Queda una comunidad de hablantes muy importante en Estados Unidos, aunque es difícil medir su fecundidad por uso lingüístico, y no por la mera etiqueta administrativa de “hispano”. Dada su fecundidad total, debe rondar el 1,8 pero cae muy deprisa.
Cabría señalar la excepción parcial de Guinea Ecuatorial, pero allí el castellano es más una lengua de administración que de uso familiar.
¿Y la inmigración? Como me fijo en la fecundidad del conjunto de la comunidad castellanohablante, un colombiano que se mude a España o un venezolano que se mude a Chile no altera la dinámica lingüística.

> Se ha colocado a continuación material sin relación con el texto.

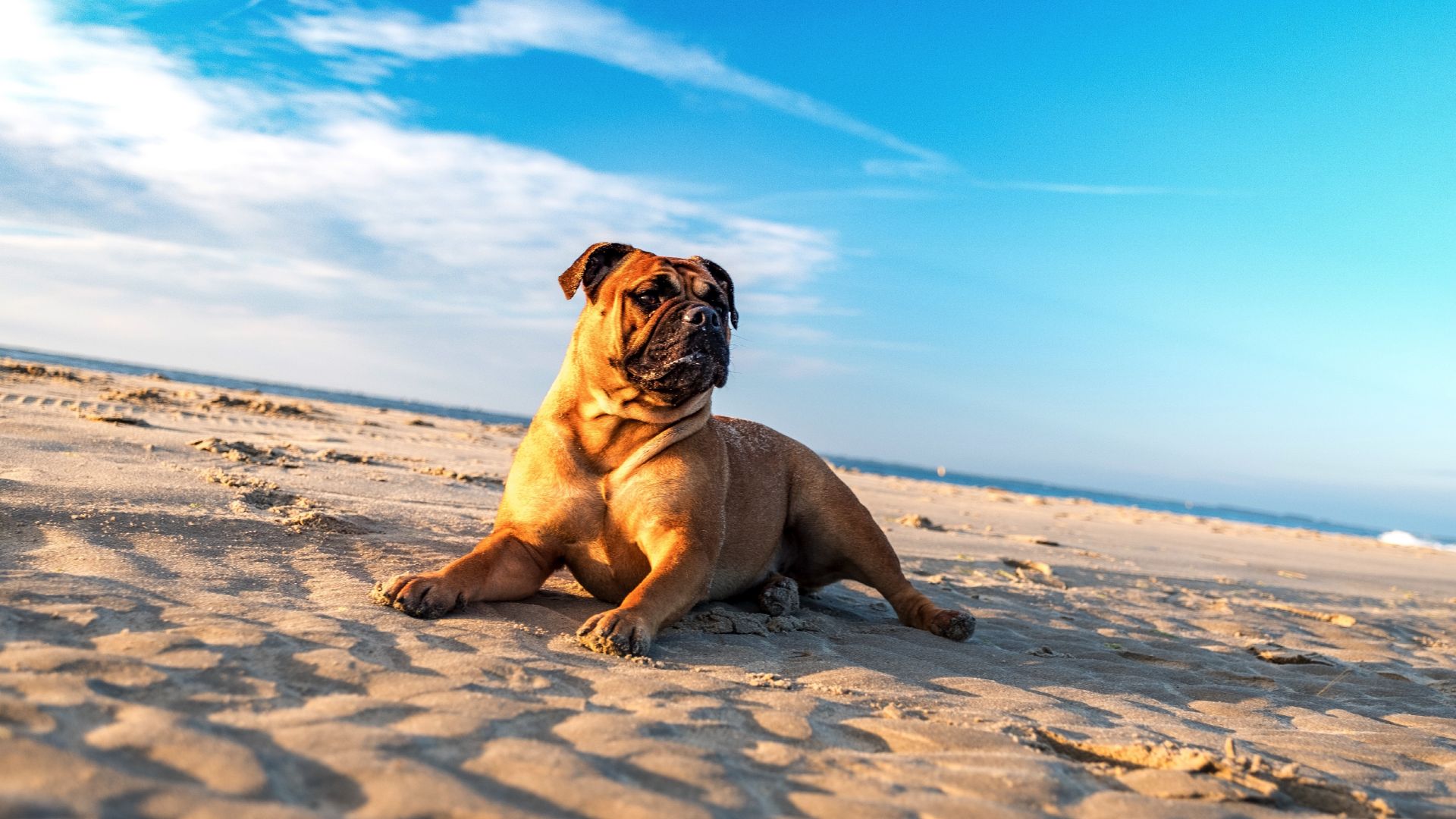 Wallpaper Bulldog, dog, animal, beach, sand, sit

España recibe inmigración neta de fuera de la comunidad, pero probablemente es menor que la emigración neta de Latinoamérica hacia Estados Unidos, Canadá y otros países europeos. En suma, la comunidad castellanohablante pierde parte de su población por la emigración.

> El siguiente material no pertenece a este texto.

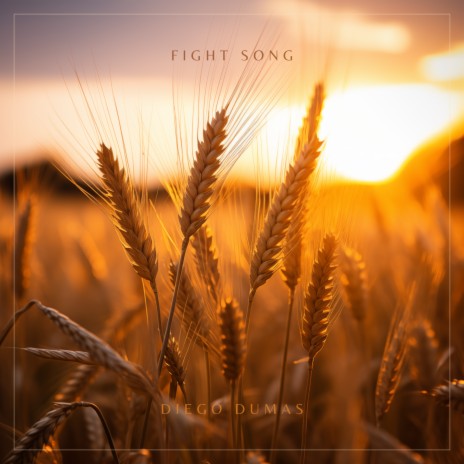 Fight Song | Boomplay Music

En conclusión, el futuro demográfico del castellano (o español) no es halagüeño. Su base de hablantes es lo bastante grande como para que la baja fecundidad no pese demasiado durante al menos un siglo, pero el “pico” de su influencia como idioma probablemente ya ha pasado. Otros idiomas, como el inglés (y, en parte, el francés), tienen la ventaja de estar extendidos en zonas que aún mantienen fecundidades altas o relativamente altas.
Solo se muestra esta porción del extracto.